The banks thought their own liquidity and funds borrowing positions were in jeopardy at that time, but there is a sense now that the situation has eased, he says.
"Perhaps banks should be going back to those clients that they scared the bejesus out of and saying ’if you need to buy Fonterra shares we’ll lend’. After all, it’s good security, it shouldn’t be a problem. But the banks haven’t been back ... farmers don’t deserve any special deals but this isn’t a special deal."
Pedersen says banks will contribute to a deepening of the economic recession if they keep the screws tightened on dairy farmers already struggling with cost blow-outs from drought, big tax bills, soaring on-farm expenses and a much lower Fonterra payout than they had been banking on.
"There’s a tremendous amount of fear and concern out there. In Taranaki there are hungry cows and paddocks of maize that no-one will buy (because of cost curbing). That pain will eventually come through the whole economy."

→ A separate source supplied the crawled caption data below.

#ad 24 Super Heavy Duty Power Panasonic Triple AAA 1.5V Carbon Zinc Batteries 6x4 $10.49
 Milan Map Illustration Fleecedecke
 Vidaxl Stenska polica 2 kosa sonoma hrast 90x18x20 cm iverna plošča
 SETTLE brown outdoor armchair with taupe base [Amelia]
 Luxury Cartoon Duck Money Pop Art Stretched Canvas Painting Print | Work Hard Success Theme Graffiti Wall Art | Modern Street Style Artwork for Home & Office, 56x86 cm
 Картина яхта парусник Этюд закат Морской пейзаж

The country’s biggest rural lender ANZ-National bank agrees constraints have eased a little. But money is still expensive and tight, says rural banking chief Charlie Graham.
"We just did a deal a couple of weeks ago which was 250 points (2.5%) above the swap (wholesale) rate for three years and includes the government guarantee. It gives you an indication of what banks’ funding costs are and (money) still remains very difficult to get."
Graham says his bank has not put any farmer client out of business due to the recession. A "trickle" of accounts werebeing handled by the bank’s debt management division as "we get a bit more realistic and the client gets a bit realistic".
A positive development was Fonterra’s firming its 2009 $5.10/kg milksolids payout forecast recently and its outlook for next year, Graham said. Trading bank lending to agriculture in February increased $149 million to $42.84 billion. It was however the lowest level of monthly advance to farming since early 2007.
Federated Farmers dairy chairman Lachlan McKenzie says when considering farmer applications for bigger overdrafts and funds to buy more Fonterra shares, all banks have to do is look at the strong fundamentals of the industry. But he does not think bankers are out of line demanding farmers be cashflow positive, saying some farmers "lost the plot" in the last two years.
"The vast number of farmers will weather the storm through. Some will have to adjust their systems to get costs out and the dairy industry will come out stronger. But there is some pain and we have sympathy."
North Taranaki accountant Graham Armstrong of Armstrong Fleming Accountancy agrees with McKenzie that the late 1980s were tougher economic times for dairy farmers than today.
Some farmers who have bought herds and extra land in the past two years are struggling and big tax bills from last year’s boom season have caused additional pressure, he says.